The second time would have been in 2013. Silva, still the 185-pound champion, had just defeated Stephan Bonnar at 205 pounds in October. Keep these things in mind. Silva was the 185-pound champion and had to constantly move up to 205 to find people to fight. In November, St-Pierre returned from a knee injury to defeat Carlos Condit. Once again, the fight could have happened in summer 2013.

Instead, St-Pierre fought Nick Diaz, who was coming off a loss, in a manufactured grudge fight and Silva’s decline started as he went on to lose to Chris Weidman. Had they fought each other instead of Diaz and Weidman, it still would have been the biggest fight ever. The two fighters still would have been at the top of their game had they met in 2013. They were still looked at as the two best fighters in the sports, and by this point, they were considered the two best of all-time. They were also still on incredible winning streaks and looked unchallenged.

The fight was still a real possibility this year. Silva has been active since his one-year suspension ended in February 2016, while St-Pierre declared his intentions to return from retirement earlier this year. Silva is 42 years old and is 1-4-1 in his last six fights, while St-Pierre is 36 and hasn’t fought since 2013. The fight would not have had the same intrigue or luster, but it was still a fight between two of the best ever. Instead, White opted to book St-Pierre against current 185-pound champion Michael Bisping, leaving Silva to do a lot of complaining.

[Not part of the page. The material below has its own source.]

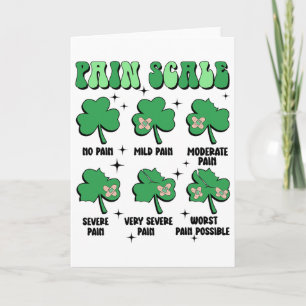 Pain Scale Nurse Doctor St Patricks Day Clover Icu Card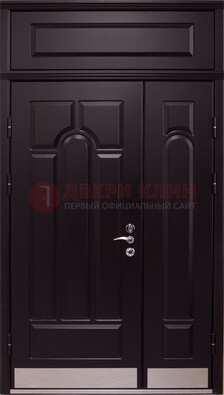 Парадная дверь с металлическими вставками ДПР-47 и фрамугой в Егорьевске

Three instances Dana could have booked the biggest fight of all-time between the two best fighters in the history of the sport. Instead, he booked them in separate bouts against inferior competition. Mayweather vs. Manny Pacquiao happened years too late, but at least it happened despite all of the roadblocks. There were almost no roadblocks preventing St-Pierre vs. Silva. It didn’t happen because Dana failed to make it happen.

No Fedor Emelianenko

Fedor Emelianenko is the greatest MMA heavyweight ever. But he’s never fought in the UFC. He started his career in PRIDE where he competed until the company was purchased by the UFC in 2007.

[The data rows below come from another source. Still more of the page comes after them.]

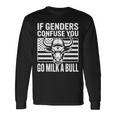 If Genders Confuse You Go Milk A Bull Usa 国旗 アメリカ 長袖tシャツ 長袖Tシャツ ギフトのアイデア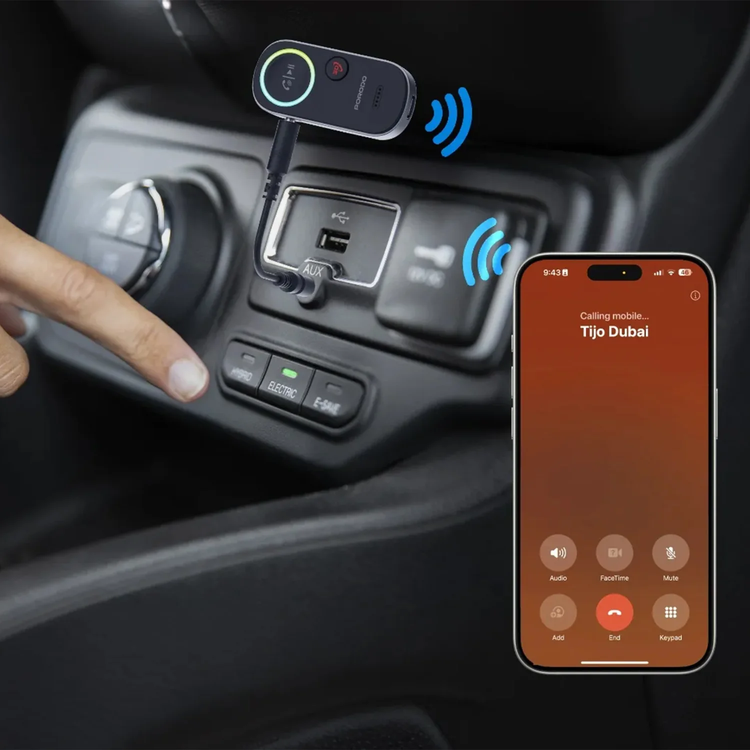 Porodo Bluetooth Audio Transmitter PD-BTRCV-BK - Wireless, Black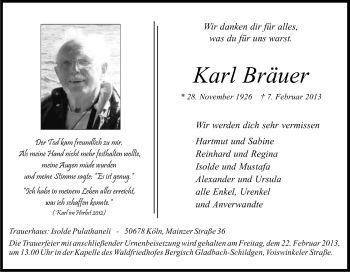 Anzeige von Karl Bräuer von Kölner Stadt-Anzeiger / Kölnische Rundschau / Express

If he thought dealing with Fedor’s people was tough, that will be child’s play compared to how Mayweather negotiates.

Many PRIDE fighters moved to the UFC, but not Fedor. His contract had expired with PRIDE and thus he wasn’t included in the merger. With the UFC being the only major game in town, it appeared that Fedor signing with the company was a done deal.

However, Dana couldn’t get it done. He’ll blame the fact that Fedor’s management was tough to deal with. That Fedor’s demands were outrageous and that he wasn’t going to cater to those needs. While it may be true, it’s something to keep in mind when discussing how Dana will deal with Mayweather and his camp. If he thought dealing with Fedor’s people was tough, that will be child’s play compared to how Mayweather negotiates.

Dana not only failed to sign Fedor in 2007, he failed to sign him in 2009, 2012, and 2015. Four times he was negotiating with the greatest heavyweight of all-time and four times he failed to get him to agree to a deal.

These two instances are the two biggest reasons why I won’t believe Mayweather vs. McGregor is happening until both guys are in the ring. There are plenty of other smaller reasons, but the fact that Dana White is the one trying to put this thing together is worrisome. He couldn’t put the biggest fight of all time together in his own organization, now he’s going to put together the biggest box office boxing fight of all-time together? He couldn’t sign a free agent despite being the biggest game in town, now he’s supposed to sign Floyd Mayweather with almost no leverage in the situation?

The fight not happening won’t be Dana’s fault as I never thought it was a real possibility in the first place. But him trying to put it together makes it all the less likely.